According to nobelprize.org, there are 301 candidates for the 2019 Nobel Peace prize – the fourth-highest number of candidates ever. The Nobel Foundation does not disclose information about the nominations, and the Nobel Committee does not announce the names of the nominees to either the media or the candidates. According to the website, “in so far as certain names crop up in the advance speculations as to who will be awarded any given year’s Prize, this is either sheer guesswork or information put out by the person or persons behind the nomination.”
In spite of the Nobel Foundation and Nobel Committee’s silence, the email Alvi received has many in the community buzzing. Initially, Alvi said she was honoured by the nomination but not overly excited. Her focus, she said, remains on her cause.
“Honestly, all I care about is the refugees that I’ve worked for,” she said. “My Nobel Prize, of course, is not going to help them, but it will help me to advocate for them more.”
Alvi’s excitement about the nomination did grow, she said, after sharing the news with friends, family and fellow doctors. When she saw how enthusiastically the nomination was received, she said, she started to appreciate it more fully.

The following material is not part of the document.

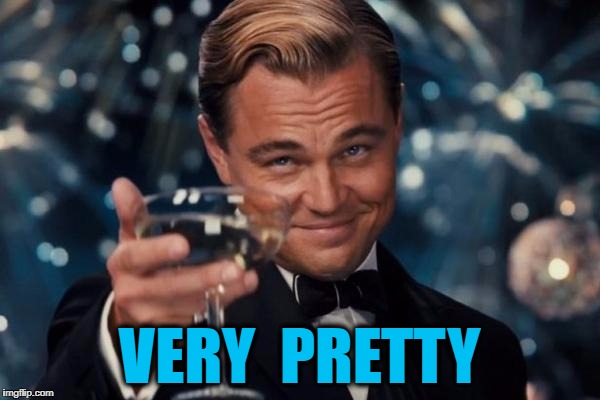 Leonardo Dicaprio Cheers Meme | VERY  PRETTY | image tagged in memes,leonardo dicaprio cheers | made w/ Imgflip meme maker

Nobel Laureates are chosen, according to the website, by the Nobel Committee through a majority vote at the beginning of October, and are then publicly announced. The 2019 Laureates receive their prize during the Nobel Peace Prize Award Ceremony in Oslo, Norway Dec. 10.
Should she be chosen as a Nobel Laureate, Alvi said she would be honoured, but would be even more excited about the increased awareness for her cause that would accompany the recognition.
In the meantime, the nomination has spurred her to work even harder to help refugees, she said.“The genocide is still going on, and I think it’s a moral obligation, as human beings, to do something,” Alvi said.